Visit Kijiji Classifieds to buy, sell, or trade almost anything! New and used items, cars, real estate, jobs, services, vacation rentals and more virtually anywhere.




www.kijiji.ca


----------



## player99 (Sep 5, 2019)

I sold one like that in 2002 for $1200 😭😰😢🥶🥵🤬👹👿😵🤢🤧


----------



## Roryfan (Apr 19, 2010)

That era of SG has a narrow 1 9/16" nut width and tends to be thin towards the nut with an extreme taper (it gets surprisingly thick as you move up but remains narrow). Last year I sold a killer sounding '70 SG Std. that I got from @numb41 because I couldn't bond with that neck profile. FWIW ~10 yrs. ago a '67 SG Jr. with the same neck profile was mine for a while.

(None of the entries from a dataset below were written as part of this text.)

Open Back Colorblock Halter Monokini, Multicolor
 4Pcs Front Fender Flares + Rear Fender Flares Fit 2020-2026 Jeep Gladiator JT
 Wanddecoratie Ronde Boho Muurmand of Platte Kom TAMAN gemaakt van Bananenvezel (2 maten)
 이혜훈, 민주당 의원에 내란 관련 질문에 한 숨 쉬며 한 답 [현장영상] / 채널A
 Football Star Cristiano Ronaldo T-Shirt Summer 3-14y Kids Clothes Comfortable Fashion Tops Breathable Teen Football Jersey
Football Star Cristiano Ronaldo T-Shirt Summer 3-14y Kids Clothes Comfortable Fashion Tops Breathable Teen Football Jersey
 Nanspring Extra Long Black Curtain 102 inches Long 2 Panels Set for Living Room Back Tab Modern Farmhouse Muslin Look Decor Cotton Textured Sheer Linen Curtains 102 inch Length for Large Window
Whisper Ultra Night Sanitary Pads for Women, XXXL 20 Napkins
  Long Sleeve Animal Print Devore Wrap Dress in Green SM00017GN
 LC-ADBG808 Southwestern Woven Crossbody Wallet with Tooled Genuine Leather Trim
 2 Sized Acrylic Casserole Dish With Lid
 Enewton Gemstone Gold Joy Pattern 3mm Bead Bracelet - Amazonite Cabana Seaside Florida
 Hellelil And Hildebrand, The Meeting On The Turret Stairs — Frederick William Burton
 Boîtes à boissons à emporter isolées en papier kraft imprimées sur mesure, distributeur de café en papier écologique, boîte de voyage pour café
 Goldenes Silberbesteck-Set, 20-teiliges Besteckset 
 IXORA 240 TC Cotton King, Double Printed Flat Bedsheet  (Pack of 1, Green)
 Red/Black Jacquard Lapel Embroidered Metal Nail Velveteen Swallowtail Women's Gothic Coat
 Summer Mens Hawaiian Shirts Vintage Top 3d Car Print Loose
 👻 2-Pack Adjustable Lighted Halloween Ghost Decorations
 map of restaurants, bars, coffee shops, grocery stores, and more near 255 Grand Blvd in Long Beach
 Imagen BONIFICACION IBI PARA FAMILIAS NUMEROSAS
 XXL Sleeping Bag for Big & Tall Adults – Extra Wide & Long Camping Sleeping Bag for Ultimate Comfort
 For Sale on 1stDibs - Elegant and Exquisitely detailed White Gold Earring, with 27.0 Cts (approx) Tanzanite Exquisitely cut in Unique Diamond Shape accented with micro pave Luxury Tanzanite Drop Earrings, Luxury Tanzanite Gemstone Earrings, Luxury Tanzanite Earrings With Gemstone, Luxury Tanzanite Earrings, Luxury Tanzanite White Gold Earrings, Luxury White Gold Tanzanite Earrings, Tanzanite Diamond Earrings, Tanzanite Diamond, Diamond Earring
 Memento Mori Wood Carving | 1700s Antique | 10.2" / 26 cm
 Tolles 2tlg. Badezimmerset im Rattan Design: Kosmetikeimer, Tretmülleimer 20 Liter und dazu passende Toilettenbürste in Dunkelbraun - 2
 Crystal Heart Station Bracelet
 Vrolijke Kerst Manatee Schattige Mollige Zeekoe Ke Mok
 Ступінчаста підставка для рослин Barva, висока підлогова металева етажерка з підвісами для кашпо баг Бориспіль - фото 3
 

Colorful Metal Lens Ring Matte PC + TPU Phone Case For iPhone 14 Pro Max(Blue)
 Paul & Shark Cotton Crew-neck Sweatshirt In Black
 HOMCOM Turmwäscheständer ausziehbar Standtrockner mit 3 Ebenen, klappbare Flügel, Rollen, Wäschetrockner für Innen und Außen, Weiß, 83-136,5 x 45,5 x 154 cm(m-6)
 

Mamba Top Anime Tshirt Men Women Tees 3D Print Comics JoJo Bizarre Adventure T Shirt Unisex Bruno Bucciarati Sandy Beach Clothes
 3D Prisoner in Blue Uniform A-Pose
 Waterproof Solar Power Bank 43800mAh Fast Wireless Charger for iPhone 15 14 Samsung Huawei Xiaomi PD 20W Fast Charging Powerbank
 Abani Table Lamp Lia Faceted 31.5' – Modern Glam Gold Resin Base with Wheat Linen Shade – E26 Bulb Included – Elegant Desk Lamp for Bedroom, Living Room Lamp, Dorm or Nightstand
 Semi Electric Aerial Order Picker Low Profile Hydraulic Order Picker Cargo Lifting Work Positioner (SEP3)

From the description I'm assuming this one has been sanded down towards the upper frets so the neck is narrow & skinny. The Gibson "slim 60s" neck profile referred to in the ad is wide & flat, nothing at all like the broomsticks on the late '60s/early '70s SGs.


----------



## Roryfan (Apr 19, 2010)

Photo courtesy @numb41


----------



## Bigsby1967 (Feb 27, 2016)

I've always found those neck profiles a little odd. From skinny to baseball bat.
It may not be a bad mod and make the guitar more playable to someone but it's certainly not reflected in the asking price.


----------



## fogdart (Mar 22, 2017)

with that work done to the neck he’s asking about 2.5-3x too much money


----------



## gtone (Nov 1, 2009)

fogdart said:


> with that work done to the neck he’s asking about 2.5-3x too much money


The sanded neck AND the less desirable early-Norlin batwing pickguard, I might add. These can be nice players that sound good if you find the neck agreeable, but they are far from the most collectable or desirable SG's.


----------



## nonreverb (Sep 19, 2006)

The worst neck contour IMO. Even all original, they're far to thin. They also have the undesireable 14 degree headstock angle.


----------



## gtone (Nov 1, 2009)

nonreverb said:


> The worst neck contour IMO. Even all original, they're far to thin. They also have the undesireable 14 degree headstock angle.


This neck contour _does _work very well for slide. In fact, it's Gary Rossington's choice for exactly that (I know his former guitar tech).


----------



## nonreverb (Sep 19, 2006)

gtone said:


> This neck contour _does _work very well for slide. In fact, it's Gary Rossington's choice for exactly that (I know his former guitar tech).


That's strange as I've only ever seen him use a '61 SG or his signature '61 reissue which is a completely different neck contour than a '67.


----------